- [What to work on] Transcribe every line of the material below without change, apart from dropping the pictures.

- [Material provided]
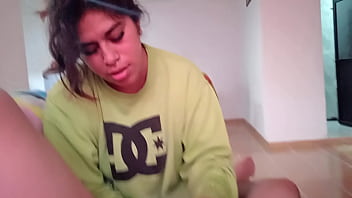 Mi ex me visita solo para mamarmela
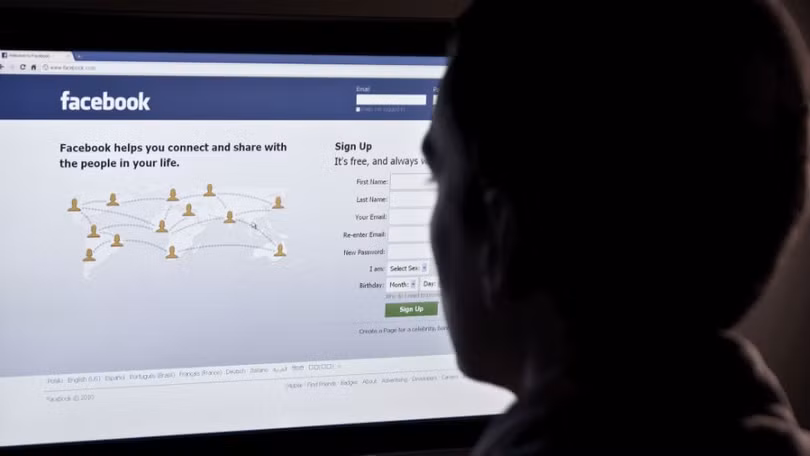 Bạn không thể can thiệp trực tiếp vào hồ sơ bóng tối của mình trên Facebook. Ảnh: Kim Komando. “Hồ sơ bóng tối” của Facebook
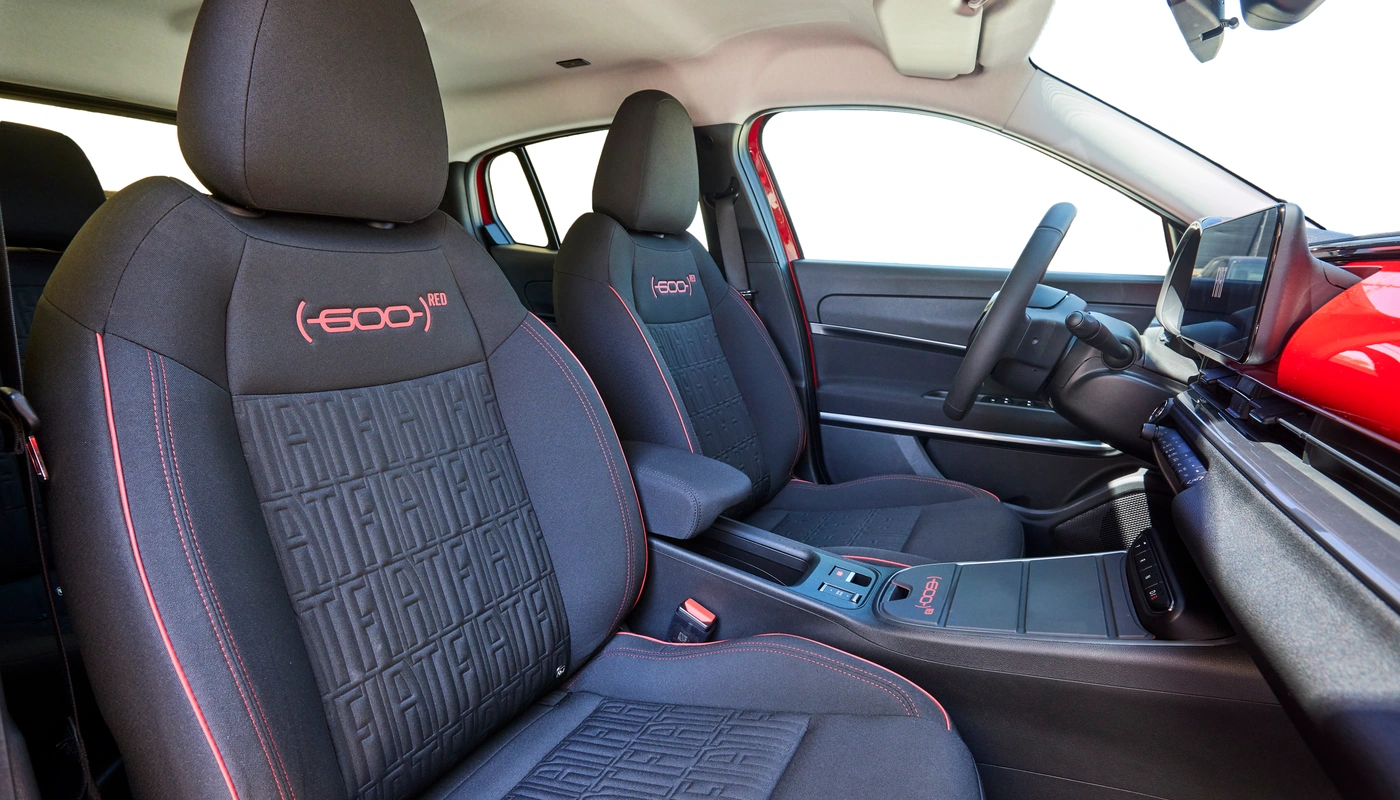 Fiat 600e - Interior Asientos Delanteros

- [The answer]
 Mi ex me visita solo para mamarmela
 Bạn không thể can thiệp trực tiếp vào hồ sơ bóng tối của mình trên Facebook. Ảnh: Kim Komando. “Hồ sơ bóng tối” của Facebook
 Fiat 600e - Interior Asientos Delanteros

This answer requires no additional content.